Y a partir de ahí, de esa engañosa semilla, el crecimiento de la red (voces y resonancias, ecos, reflejos, manipulaciones, reproducciones, diálogos y monólogos, propaganda, guerra y espionaje, verdades y mentiras, bits y bots) es fractal, vertiginoso y tan inconmensurable como el parloteo de los ocho mil millones de habitantes del mundo.

Yo presumo como medalla de honor no saber nada de Facebook, pero ese honor se desmorona cuando confieso mi atracción por Twitter. Ambos medios, y tantos otros, son ya el mensaje, condicionan la realidad y ajustan, inevitablemente, nuestra atención según esta o aquella tendencia que, como poderosas mareas, nos llevan de aquí para allá.

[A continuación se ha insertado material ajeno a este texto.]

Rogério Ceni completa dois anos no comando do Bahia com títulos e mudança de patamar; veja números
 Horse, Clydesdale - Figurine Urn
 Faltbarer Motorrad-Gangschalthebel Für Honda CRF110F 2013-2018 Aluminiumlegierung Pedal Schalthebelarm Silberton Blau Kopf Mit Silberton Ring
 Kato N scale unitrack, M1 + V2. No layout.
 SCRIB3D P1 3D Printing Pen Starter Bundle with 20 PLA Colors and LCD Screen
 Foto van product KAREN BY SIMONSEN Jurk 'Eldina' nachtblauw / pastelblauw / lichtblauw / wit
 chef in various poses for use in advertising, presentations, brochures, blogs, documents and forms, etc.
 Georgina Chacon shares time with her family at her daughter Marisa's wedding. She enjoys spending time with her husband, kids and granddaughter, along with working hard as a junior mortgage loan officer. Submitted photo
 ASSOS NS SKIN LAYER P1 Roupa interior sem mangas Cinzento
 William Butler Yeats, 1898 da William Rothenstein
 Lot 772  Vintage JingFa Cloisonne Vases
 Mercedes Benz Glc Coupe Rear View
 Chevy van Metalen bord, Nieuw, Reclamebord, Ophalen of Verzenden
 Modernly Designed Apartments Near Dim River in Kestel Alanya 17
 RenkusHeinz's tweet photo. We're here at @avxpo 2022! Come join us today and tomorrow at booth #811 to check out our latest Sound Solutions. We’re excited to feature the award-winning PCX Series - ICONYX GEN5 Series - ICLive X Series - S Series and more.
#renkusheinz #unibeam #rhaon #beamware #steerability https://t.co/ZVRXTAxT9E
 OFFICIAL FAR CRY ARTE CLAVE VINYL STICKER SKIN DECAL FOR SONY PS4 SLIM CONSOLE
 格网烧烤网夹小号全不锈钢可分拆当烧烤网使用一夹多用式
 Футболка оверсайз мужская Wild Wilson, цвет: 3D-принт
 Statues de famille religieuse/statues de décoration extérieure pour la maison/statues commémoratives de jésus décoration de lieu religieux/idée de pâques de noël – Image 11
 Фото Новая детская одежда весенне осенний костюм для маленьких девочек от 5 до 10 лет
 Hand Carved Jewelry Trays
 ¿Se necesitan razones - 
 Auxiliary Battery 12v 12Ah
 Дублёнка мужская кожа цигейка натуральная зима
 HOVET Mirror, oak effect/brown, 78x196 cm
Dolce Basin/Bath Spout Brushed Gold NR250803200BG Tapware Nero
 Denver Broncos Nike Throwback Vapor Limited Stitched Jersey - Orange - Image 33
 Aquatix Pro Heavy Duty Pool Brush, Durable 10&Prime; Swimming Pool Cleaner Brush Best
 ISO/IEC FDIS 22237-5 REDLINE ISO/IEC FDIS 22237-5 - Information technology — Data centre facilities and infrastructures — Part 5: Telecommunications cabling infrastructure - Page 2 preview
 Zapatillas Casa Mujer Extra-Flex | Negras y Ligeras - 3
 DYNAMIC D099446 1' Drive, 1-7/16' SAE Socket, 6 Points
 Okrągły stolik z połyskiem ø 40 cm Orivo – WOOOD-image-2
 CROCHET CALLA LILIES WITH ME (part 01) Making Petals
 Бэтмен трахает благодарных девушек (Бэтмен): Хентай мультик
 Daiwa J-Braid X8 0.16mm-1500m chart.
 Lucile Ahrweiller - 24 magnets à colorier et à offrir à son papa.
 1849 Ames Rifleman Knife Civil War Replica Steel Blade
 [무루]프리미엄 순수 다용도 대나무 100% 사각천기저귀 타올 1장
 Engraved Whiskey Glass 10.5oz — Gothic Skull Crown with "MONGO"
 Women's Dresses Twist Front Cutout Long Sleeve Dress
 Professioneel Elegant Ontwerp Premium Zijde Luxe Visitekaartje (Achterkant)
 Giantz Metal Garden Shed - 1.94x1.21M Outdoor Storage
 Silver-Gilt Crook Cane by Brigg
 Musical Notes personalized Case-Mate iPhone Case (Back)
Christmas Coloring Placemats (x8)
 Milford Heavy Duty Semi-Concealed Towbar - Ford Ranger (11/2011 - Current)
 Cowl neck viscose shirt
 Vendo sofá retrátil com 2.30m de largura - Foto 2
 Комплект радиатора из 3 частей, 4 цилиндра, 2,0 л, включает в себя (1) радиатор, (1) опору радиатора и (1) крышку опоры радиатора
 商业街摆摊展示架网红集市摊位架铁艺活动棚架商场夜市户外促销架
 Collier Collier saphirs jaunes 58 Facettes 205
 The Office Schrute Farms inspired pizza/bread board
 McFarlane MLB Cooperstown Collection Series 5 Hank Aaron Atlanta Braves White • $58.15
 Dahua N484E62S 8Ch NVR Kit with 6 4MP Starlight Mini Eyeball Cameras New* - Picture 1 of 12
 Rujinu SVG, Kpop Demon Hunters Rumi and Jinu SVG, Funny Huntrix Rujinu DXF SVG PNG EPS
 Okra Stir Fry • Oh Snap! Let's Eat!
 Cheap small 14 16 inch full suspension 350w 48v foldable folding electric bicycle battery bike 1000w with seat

No todos vamos en esos barcos, pero sí muchos, y en uno de ellos, Twitter, el capitán se ha vuelto demasiado visible, como un Ahab perorando todos los días sobre su particular ballena blanca, que en este caso es, me temo, el monopolio de la información. Que Elon Musk insista en que Twitter está más vivo que nunca es la principal señal de que agoniza, al menos tal y como lo conocemos. Era inevitable. Yo creo que toda red social, abierta al uso y abuso de sus usuarios, nace condenada y necesariamente se desvirtúa. Son Torres de Babel como algoritmos, teléfonos descompuestos del tamaño del mundo, monólogos simultáneos, ruido mudo. Pero son herramientas fascinantes.

De Twitter me gusta su compresión aforística, el diálogo planetario entre interlocutores que yo elijo y el acceso a una información también curada por mí, por mis gustos, mis inclinaciones y mi subjetividad. Es una ventana por la que me asomo a un mundo que tal vez no existe, o sólo parcialmente, un mundo que, lo sé, no puedo ni quiero conocer en su integridad. Recuerdo a un maestro que leía cinco periódicos todas las mañanas y me pregunto cómo articulaba esa información en su vida, cómo la engarzaba con su desayuno. La visión fragmentaria es nuestra condena, pero también nuestra bendición: la aspiración a la totalidad es tan peligrosa como la aspiración a la Verdad.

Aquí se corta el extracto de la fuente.